[Opening DATASET CONTENT section]

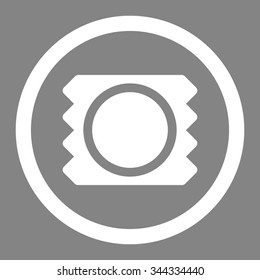 Condom vector icon. Style is flat rounded symbol, white color, rounded angles, gray background.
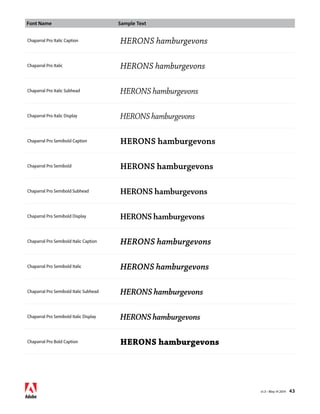Font Name Sample Text 
v1.3 • May 14 2014 43 
Chaparral Pro Italic Caption HERONS hamburgevons 
Chaparral Pro Italic HERONS hamburgevons 
Chaparral Pro Italic Subhead HERONS hamburgevons 
Chaparral Pro Italic Display HERONS hamburgevons 
Chaparral Pro Semibold Caption HERONS hamburgevons 
Chaparral Pro Semibold HERONS hamburgevons 
Chaparral Pro Semibold Subhead HERONS hamburgevons 
Chaparral Pro Semibold Display HERONS hamburgevons 
Chaparral Pro Semibold Italic Caption HERONS hamburgevons 
Chaparral Pro Semibold Italic HERONS hamburgevons 
Chaparral Pro Semibold Italic Subhead HERONS hamburgevons 
Chaparral Pro Semibold Italic Display HERONS hamburgevons 
Chaparral Pro Bold Caption HERONS hamburgevons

[Closing DATASET CONTENT section]

__WORK TASK__:
Take the records from their first line through the line containing "Chaparral Pro Semibold Italic HERONS" and please return exactly those lines, both ends included, minus the pictures.

__WRITTEN RESPONSE__:
 Condom vector icon. Style is flat rounded symbol, white color, rounded angles, gray background.
Font Name Sample Text 
v1.3 • May 14 2014 43 
Chaparral Pro Italic Caption HERONS hamburgevons 
Chaparral Pro Italic HERONS hamburgevons 
Chaparral Pro Italic Subhead HERONS hamburgevons 
Chaparral Pro Italic Display HERONS hamburgevons 
Chaparral Pro Semibold Caption HERONS hamburgevons 
Chaparral Pro Semibold HERONS hamburgevons 
Chaparral Pro Semibold Subhead HERONS hamburgevons 
Chaparral Pro Semibold Display HERONS hamburgevons 
Chaparral Pro Semibold Italic Caption HERONS hamburgevons 
Chaparral Pro Semibold Italic HERONS hamburgevons 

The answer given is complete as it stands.